If the scene is heartbreaking, to some Latino Texans it also feels tragically familiar. It’s reminiscent of the homemade crosses bearing names that people gathered around in El Paso, Texas, after a gunman killed 23 people at a Walmart on August 10, 2019 in the deadliest attack on Latinos in recent U.S. history.
After that shooting, people in Uvalde gathered together in prayer groups for El Paso, says Sue Rankin, a seven-year resident of Uvalde who participated in a prayer three years ago. Now, people in nearby communities are praying for Uvalde instead. “We never thought this would happen here,” Rankin says. “I see so many people coming together.”
Though so far there have not been any indications that the shooter’s actions were racially motivated, most of the victims in the Uvalde shooting were Latinos. Nearly 90% of the students who attend Robb Elementary School are Latinos, according to Uvalde Consolidated Independent School District data. Nationally, more than 4,100 Latinos die each year from gun violence, are two times more likely to die of gun homicide in the U.S. than white people, and are four times more likely to be wounded by a gun than white people, according to Everytown For Gun Safety, a nonprofit organization that advocates for stricter gun control measures and researches gun violence. (The impact of gun violence on Latinos comes second only to the amount of gun violence inflicted on Black people in America.)
Despite the massacre in El Paso, other mass shootings in the state in recent years, and the grim statistics, multiple members of the Uvalde community say their small town always felt like a safe haven. But Tuesday’s violence is now forcing a reckoning among some Uvalde residents over the gun laws in Texas, which are some of the most permissive in the country.
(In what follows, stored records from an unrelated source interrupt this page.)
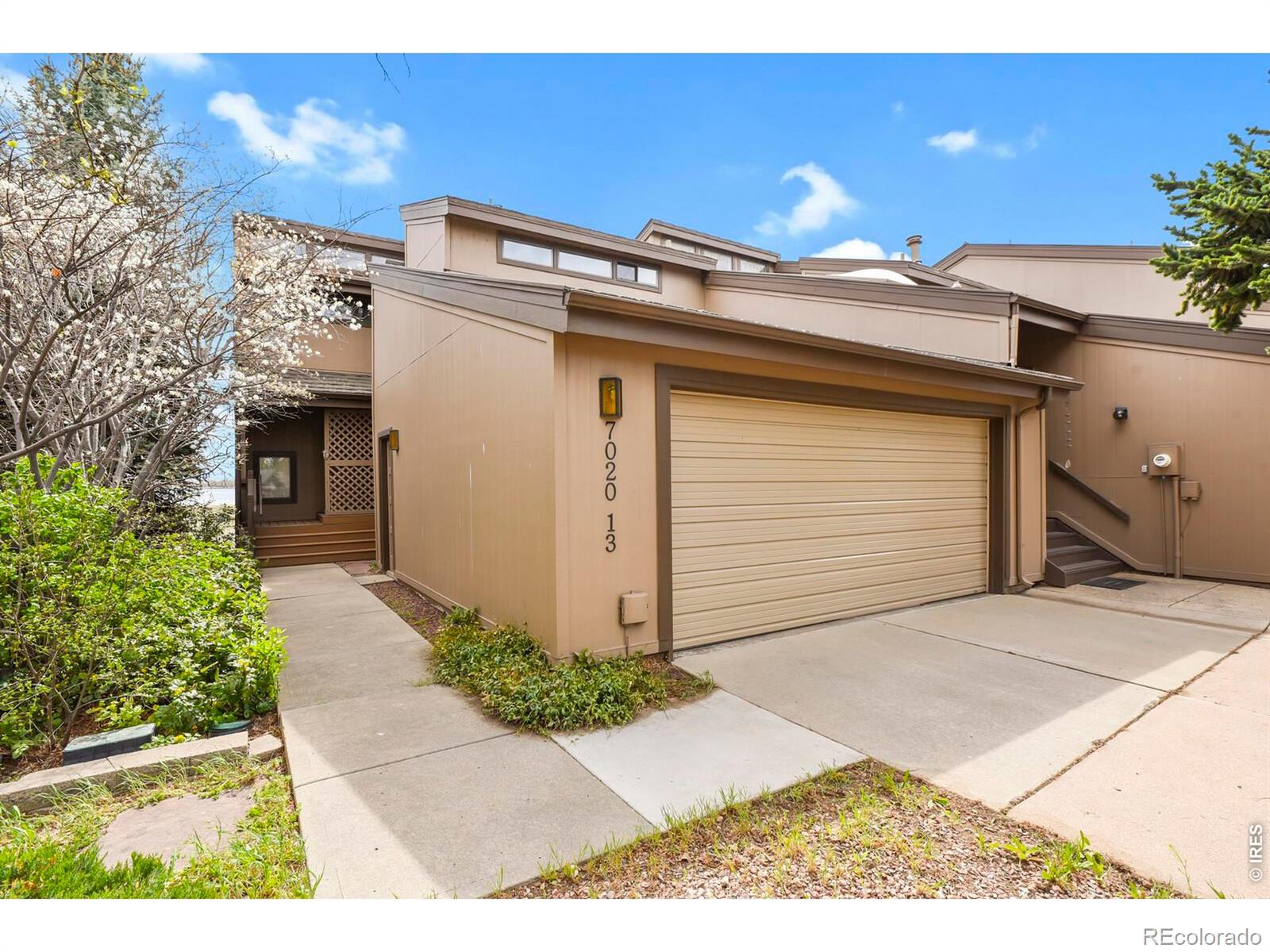 MLS Image #3 for 7020 w stetson place,littleton, Colorado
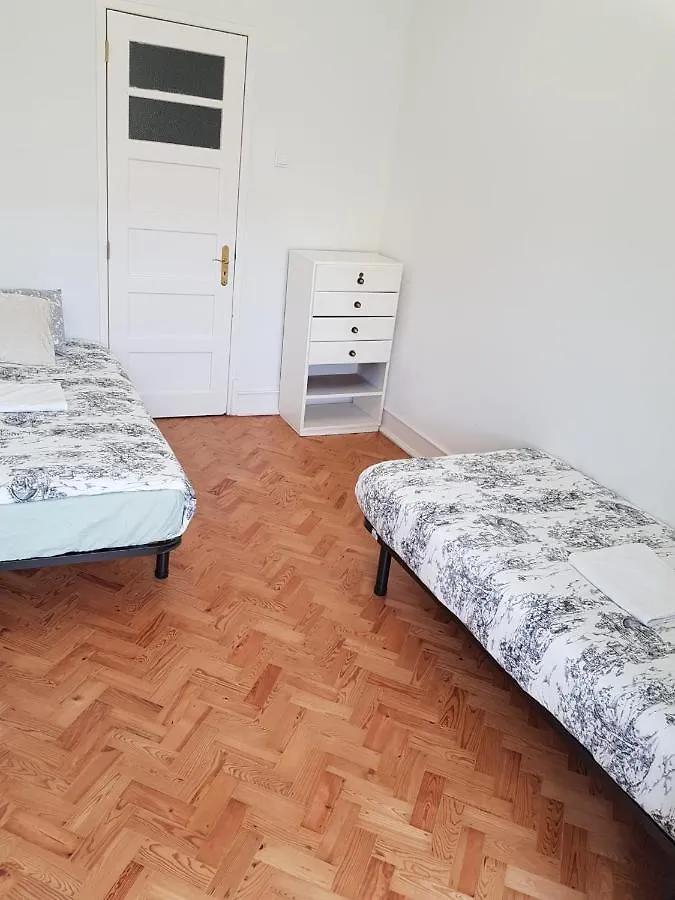 Rainbow Guest House Лиссабон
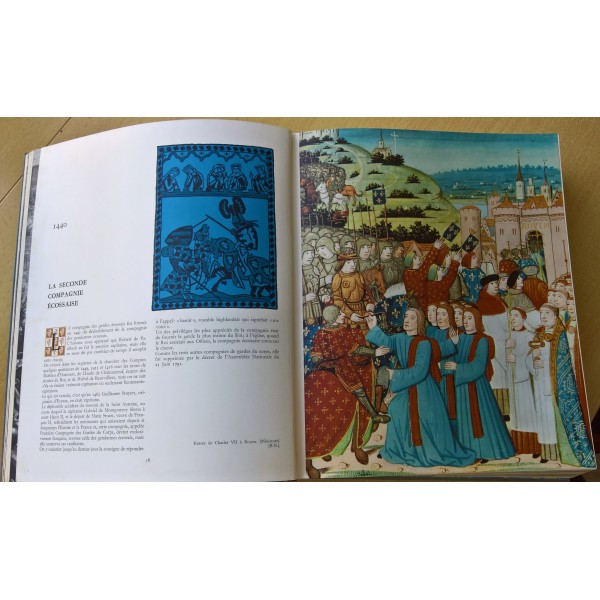 Livre, encyclopédie "Huit siècles de gendarmerie"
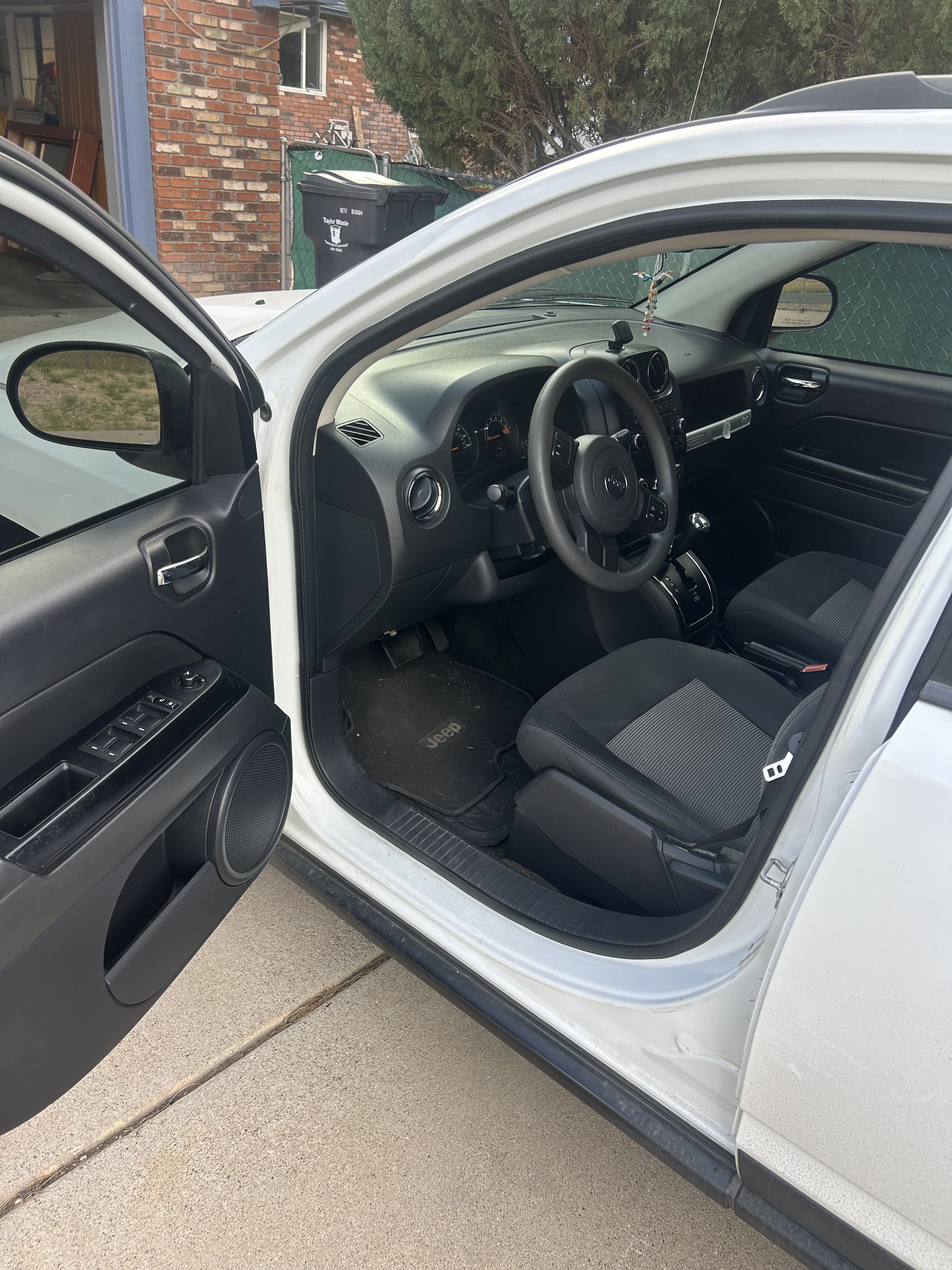 Used 2017 Jeep Compass Sport w/ Power Value Group FWD image 11
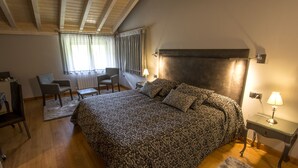 Exclusive Studio Suite, 1 Bedroom, Hot Tub, Mountain View - Picos de Europa Suites and Rooms (Camaleno)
“Canada doesn’t have school shootings, the UK hasn’t had a shooting since it enacted gun control laws…and there were red flags going up all over the place for this [shooter],” says Robert Dennis, who was born and raised in Uvalde and says he has always supported owning guns. “My ideas about gun ownership are changing.” Dennis went to the center of town to write “You will be missed” on each of the 21 memorials Thursday morning.
Uvalde is a quiet community, says resident Sofia Aguilar, with relatively little gun violence despite the pervasive hunting culture and popularity of guns in the town. Aguilar says she supports stricter gun control measures. “I’m very distraught,” she says. “People are buying guns to hurt other people.” Aguilar knew one of the victims, 10-year-old Jacklyn Cazares. She wept when she found Jacklyn’s cross in Town Square.
Uvalde County Commissioner Ronald “Ronnie” Garza, who attended Robb Elementary as a kid, says he was also shocked that violence of this nature would take place in Uvalde. “Like any small town, we’ll have an incident here or there, but this is just tragic,” Garza says. He is calling on Texas officials to support stricter gun control measures like background checks and age limits. “The current system isn’t working,” he says. “Something has to be done. We can’t accept the status quo.”